Don’t sweat the small stuff
In the grand scheme of things, life really is too short to live in a perpetual state of rage and anger
It’s difficult to write a column at the best of times during the Christmas period, but when Christmas actually falls on a Sunday, it makes the job of a columnist even more challenging.
How do you strike a balance so that you don’t end up sounding like an annoyingly cheerful Pollyanna while at the same time not dwelling too much on the grim realities which face us every time we turn on the news? I can well imagine that when you eventually push away your plate and emerge from the stupor of over-indulgence which is Christmas lunch, the last thing you as a reader want to read are more platitudes as you rifle through the papers. On the other hand, I doubt you want to hear, once again, about what a terrible year 2016 has been.
Many dread Christmas time for its often forced, false merriment, when we are supposed to shake hands and forget all the slights of a whole year – who can forget those obligatory office Christmas parties when colleagues are expected to pretend to set aside their grievances and clink their glasses, or what is even worse, kiss each other on the cheek while muttering that hackneyed Menglish phrase “all the best jekk ma narakx! (if I don’t see you before then)”.
On the other hand, if you want to look at it purely from a self-preservation point of view, it also holds true that continuing to hold on to grudges can only result in an ulcer and other health issues brought on by stress. So I guess a perfunctory ‘Merry Christmas’, even to your worst enemy might actually be just what the doctor ordered. You can think of it as a kind of Feng Shui for the soul, where instead of just getting rid of the clutter in your house for the New Year, you also get rid of the old cobwebs of pent-up resentment which are causing you more harm than good.
But, who am I kidding, right? Unless you are a real, genuine saint, it is very hard to be so forgiving and simply wave away old hurts that easily. So, to keep things more do-able, perhaps the best thing we can hope to achieve is to close the doors on the chapters of our life which did not work out and people who have let us down, and keep on moving forward.
In fact, the constant, recurring thought which keeps popping into my mind is that we really need to stop sweating the small stuff. I hate to sound like one out of those inspirational quotes, but sometimes nothing else will do. I really do believe that as we slog through life, it’s not so much what happens to us, but the way we react to it, which will determine our equilibrium. This can be applied pretty much across the board – from those social and political issues which make us angry, to the exasperating shortcomings in the country which drive us up the wall, to the dynamics of our personal relationships when something goes wrong.

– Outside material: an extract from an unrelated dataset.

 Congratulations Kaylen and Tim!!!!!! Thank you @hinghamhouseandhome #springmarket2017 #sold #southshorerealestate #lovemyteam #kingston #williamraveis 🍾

Of course, if social media and online articles are anything to go by, you can be forgiven for thinking that the whole country is one giant ball of spitting, snarling anger ready to snap and claw at anyone for even the pettiest thing. Yet, what I have often noticed is that once you go outside your door, what you see most of the time is a relatively peaceful people, going about their business and not at all a reflection of the swirling hotbed of emotions we often read online. Maybe we are using our alter egos online in order to vent in a kind of cathartic alternative universe? Or is it simply easier to be snide and rude, aggressive and just plain mean when you are behind your keyboard and, in some cases, behind a fake name?
Having said that, it is also true that there are people who are equally unpleasant in real life – sometimes even more so. The road rage which takes over some drivers when they are stuck in traffic is a particular case in point. And yet here is a classic example of how it is pretty pointless to sweat the small stuff. It will not make traffic inch along any faster. You will type out a furious FB status from your phone that “something has to be done about this traffic!!!!!” and, come tomorrow, just like Groundhog Day, you will be destined to repeat the same scenario.

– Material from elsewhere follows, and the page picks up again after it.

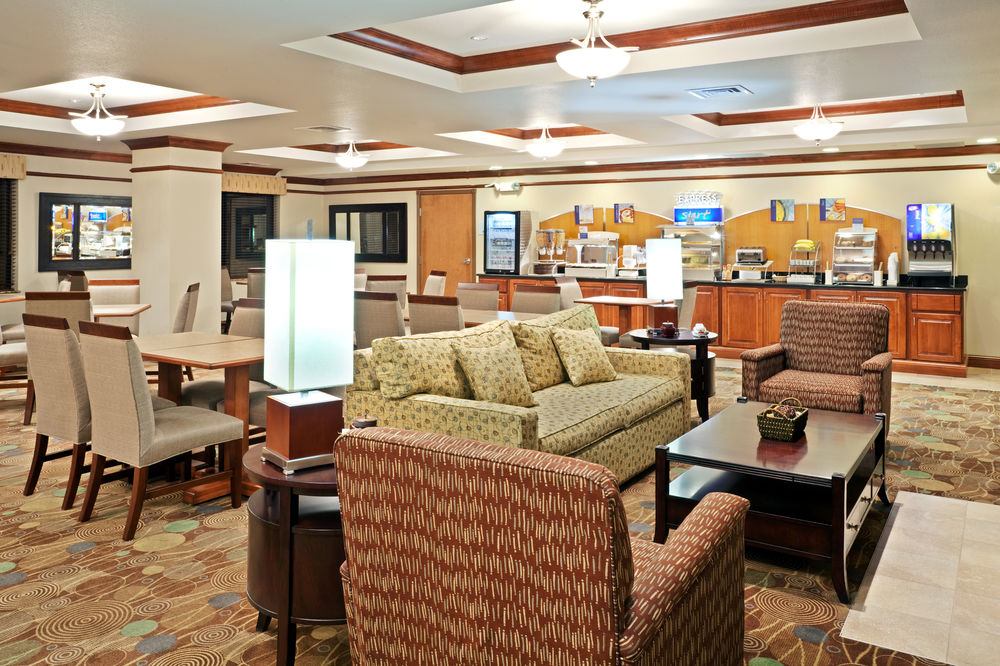 HOLIDAY INN EXPRESS & SUITES VANCOUVER MALL/PORTLAND AREA in Vancouver, Wa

In fact, I’ve realized that the situations which really make people go crazy the most are those in which they have lost all control and are dependent on the actions of others. Like the afore-mentioned traffic. Or when they are stuck in a never-ending queue to purchase something. Or when they are seated at a crowded restaurant where service is slow. Or waiting in the rain for a bus which never comes. Or having to deal with a spouse who is being unreasonable. Or having to handle a child who does not want to listen. It’s no wonder that patience is described as a virtue because it really is sorely lacking, and never is this more apparent than when we have to exercise restraint because something is beyond our control.
The huffing and puffing which goes on the minute someone is told (or realises that) they have to wait, and the sheer amount of grumbling and dramatic gestures accompanying the waiting, can often be comical. Maybe it’s because we have become used to everything being done at a snap and we have lost our tolerance for things which require time. But all of these things I’ve mentioned (annoying as they are) are really, when you think about it, very petty inconveniences. The queue will eventually move. The traffic will eventually budge. And yes, the over-worked waiter will gradually bring your food. Heck, even that blessed bus will (one day) appear on the horizon.
After all, in the grand scheme of things, life really is too short to live in a perpetual state of rage and anger. And yes, that sounded like another inspirational quote. Forgive me, but after all it IS Christmas.